Априоризм философии и «местечковость» науки
В формальном союзе философии и науки, проект которого рисует Рассел, философии предписано абстрагироваться от содержания и практики конкретных наук и заботиться только о соблюдении санкционированного философией метода. В трансцендентальном союзе дело обстоит похожим образом. Содержание конкретных наук не должно интересовать феноменолога. Точнее, оно может заинтересовать его только впоследствии, уже после того, как «совершенно свободный ум, не ослепленный никакими натуралистическими предрассудками», уразумеет чистую структуру психического и «установит нормы для научного смысла и содержания понятий всех возможных феноменов»[43]. Таким образом, трансцендентальный союз философии и науки в определенном смысле не слишком отличается от формального. И в том, и в другом случае философия диктует науке чистые правила метода и ничего не хочет знать о том влиянии, которое научная картина мира, научная практика и научные результаты оказывают на философию. Пренебрежение содержательным влиянием науки на философию объясняется тем, что философия, и в лице Рассела, и в лице Гуссерля, пытается отстоять свою независимость от истории, от того типа познания, который разворачивается во времени и в пространстве, и в основе которого лежит «наивная» установка ученого, полагающего, что он изучает внешний мир. Но философ не может быть наивным, ему неприлично задавать вопрос о том, как на самом деле устроен мир. В частности, поэтому его отношения с реальной наукой (или с конкретными науками) столь проблематичны – наука отвечает именно на этот вопрос.
У Рассела и у Гуссерля речь идет об эпистемологии, а не об онтологии, и для того, чтобы вписать эпистемологию в онтологический контекст философии нужно выйти за пределы самой себя, ступить на зыбкую почву исторической уникальности (как говорит И. Стенгерс, «сингулярности») науки, поставить себя в зависимость от тех (всегда неокончательных) результатов науки, которые наука «наивно» приобретает. Но философии (аналитической философии и трансцендентальной феноменологии) некуда выйти за пределы самой себя, так как сфера идеальных нормативных принципов объявлена последней, фундаментальной сферой, за пределами которой уже нечего искать философу. Поставить принципы в зависимость от фактов значит «вращаться в бессмысленном кругу».
Любопытно, что декларированное пренебрежение растущим материалом научных открытий и изобретений оправдывается ни чем иным как стремлением научной философии к прогрессу. «Вращение в бессмысленном кругу» ожидает философию, если она будет принимать всерьез результаты естествознания и давать их содержательную интерпретацию, если же она отвлечется от этих результатов, то сможет шаг за шагом реализовать научную объективность. Очевидно, что такой прогресс может привести философию лишь к тому, что было изначально в ней заложено, и что впоследствии затемнялось и искажалось индуктивными обобщениями и метафизическими спекуляциями – к раскрытию априорных принципов познания. Если же под прогрессом понимать приращение нового, ранее не бывшего, которое само становится точкой отсчета для последующего развития, то формально-критический и трансцендентально-критический методы равным образом игнорируют реальный прогресс, делая выбор в пользу философии как науки о возможном, а не действительном.
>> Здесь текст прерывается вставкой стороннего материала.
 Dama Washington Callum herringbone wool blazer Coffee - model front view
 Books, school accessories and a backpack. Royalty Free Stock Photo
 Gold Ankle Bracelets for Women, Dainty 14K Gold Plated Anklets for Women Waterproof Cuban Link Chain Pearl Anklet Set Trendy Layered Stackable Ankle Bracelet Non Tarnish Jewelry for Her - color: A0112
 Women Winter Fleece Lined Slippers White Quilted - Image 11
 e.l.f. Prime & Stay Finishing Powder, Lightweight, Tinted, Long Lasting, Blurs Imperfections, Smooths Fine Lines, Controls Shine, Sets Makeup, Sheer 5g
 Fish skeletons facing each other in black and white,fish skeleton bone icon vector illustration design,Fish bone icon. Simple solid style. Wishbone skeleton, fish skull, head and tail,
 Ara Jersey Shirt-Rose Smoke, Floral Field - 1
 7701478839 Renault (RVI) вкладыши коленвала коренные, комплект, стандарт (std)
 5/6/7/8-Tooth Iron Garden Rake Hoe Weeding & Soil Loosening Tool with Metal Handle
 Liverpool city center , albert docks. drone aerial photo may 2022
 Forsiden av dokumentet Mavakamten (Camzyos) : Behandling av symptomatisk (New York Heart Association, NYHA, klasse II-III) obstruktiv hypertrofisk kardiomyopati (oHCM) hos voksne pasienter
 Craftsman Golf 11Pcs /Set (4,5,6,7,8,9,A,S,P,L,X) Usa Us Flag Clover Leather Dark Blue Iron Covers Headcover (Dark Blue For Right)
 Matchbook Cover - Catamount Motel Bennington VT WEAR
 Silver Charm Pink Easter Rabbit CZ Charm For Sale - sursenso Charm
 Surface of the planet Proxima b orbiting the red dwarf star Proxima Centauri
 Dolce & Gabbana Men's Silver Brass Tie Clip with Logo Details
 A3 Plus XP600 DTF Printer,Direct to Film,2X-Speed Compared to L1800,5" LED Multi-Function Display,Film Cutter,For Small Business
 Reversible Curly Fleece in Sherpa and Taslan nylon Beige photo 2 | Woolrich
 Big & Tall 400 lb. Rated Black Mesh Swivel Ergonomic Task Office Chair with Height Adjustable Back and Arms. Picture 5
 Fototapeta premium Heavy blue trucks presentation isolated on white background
На наш взгляд, философия может увязать собственный прогресс с развитием естественных наук. Но для того, чтобы достичь этого, философии нужно принять генетический метод, который раскрывал бы само происхождение формальных и категориальных структур, раскрывал бы преемственность в развитии знания и причины формального и категориального априори. Необходимость генетического метода, впрочем, подтверждается тем, что любая философская доктрина, и даже та, которая знать ничего не хочет о собственном происхождении и собственном онтологическом контексте, на деле оказывается теснейшим образом связана с последним. Так, статья Гуссерля Философия как строгая наука и другие работы «дескриптивного» и «трансцендентального» периодов создавались в полемике с натурализмом, под которым Гуссерль понимает прежде всего сложившиеся во второй половине XIX в. версии эмпиризма, представленные в работах Конта, Маха, Авенариуса, а также так называемую «точную психологию», которая сформировалась приблизительно в то же время на основе физиологии. Основной интригой данного направления научных исследований была попытка сделать саму познавательную способность, восприятие и мышление, темой эмпирической, экспериментальной науки. Узел драматической напряженности точной психологии состоял в том, что эпистемология как теория познания объективного мира, впервые систематически облекалась в телесные формы и становилась предметом экспериментально-математического естествознания, которое она обосновывала. Гельмгольц, Вундт, их ученики и последователи изучали эпистемологию и логику в лабораториях с помощью внешнего наблюдения и математического описания процессов получения и производства знания. Распространение экспериментальной психологии в Германии, появление психологов и физиологов, занимающих философские кафедры (что выражало тенденцию укрепить философию на прочном фундаменте физической науки), многочисленные публикации того времени, в которых мышление представало как разновидность нервной деятельности, доступной математическому моделированию – все это сформировало вполне определенный не только институциональный, но и онтологический контекст философских интенций Гуссерля[44].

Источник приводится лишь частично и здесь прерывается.